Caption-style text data
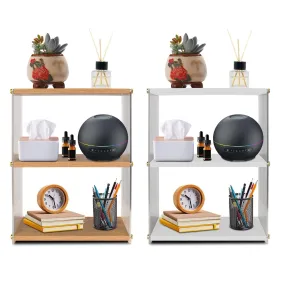 3-Tier: Acrylic Countertop Organizer Bathroom Wood Counter Storage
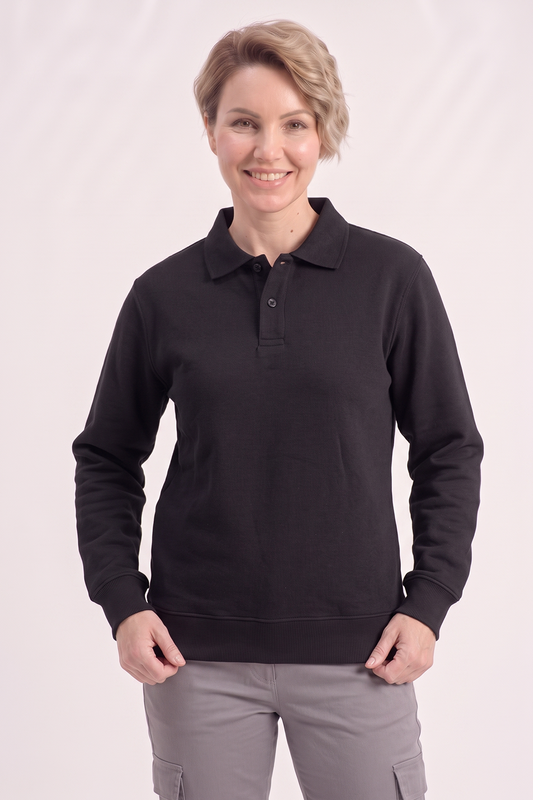 Siyah Polo Yaka İş Sweatshirt 3 İplik Şardonlu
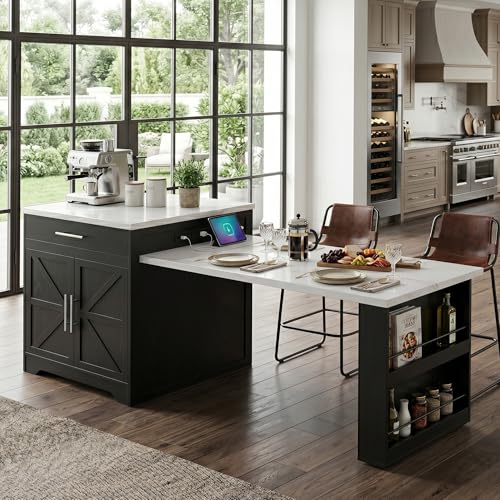 Kitchen Island with Extendable Dining Table & Storage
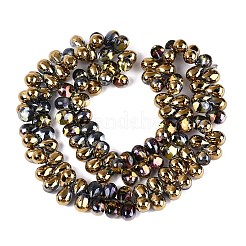 Electroplate Baking Paint Transparent Glass Beads Strands&nbsp;GL-N005-02A-C05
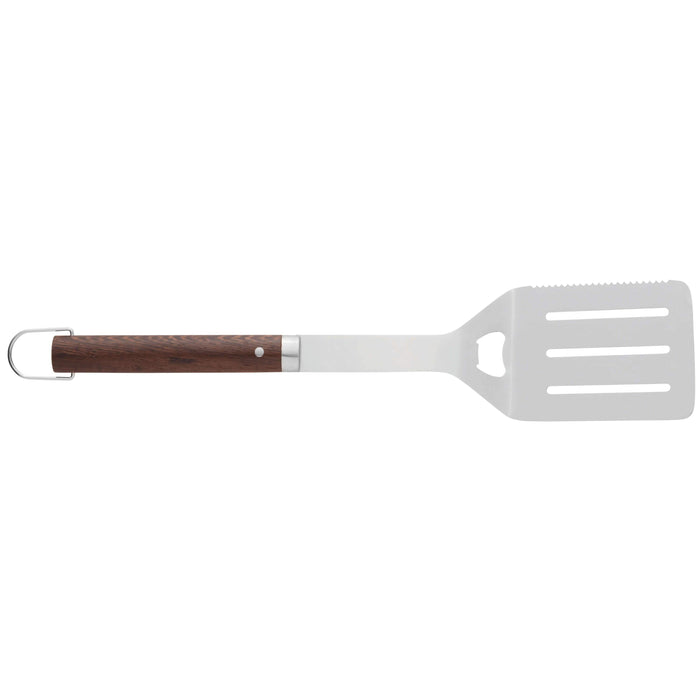 Image 3 of Essentials BBQ Set with Wood Handles Tongs, Spatula and Brush (3-Pieces)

» REQUIRED ACTION
All entries must be output unchanged, with every picture omitted.

» TASK RESULT
 3-Tier: Acrylic Countertop Organizer Bathroom Wood Counter Storage
 Siyah Polo Yaka İş Sweatshirt 3 İplik Şardonlu
 Kitchen Island with Extendable Dining Table & Storage
 Electroplate Baking Paint Transparent Glass Beads Strands&nbsp;GL-N005-02A-C05
 Image 3 of Essentials BBQ Set with Wood Handles Tongs, Spatula and Brush (3-Pieces)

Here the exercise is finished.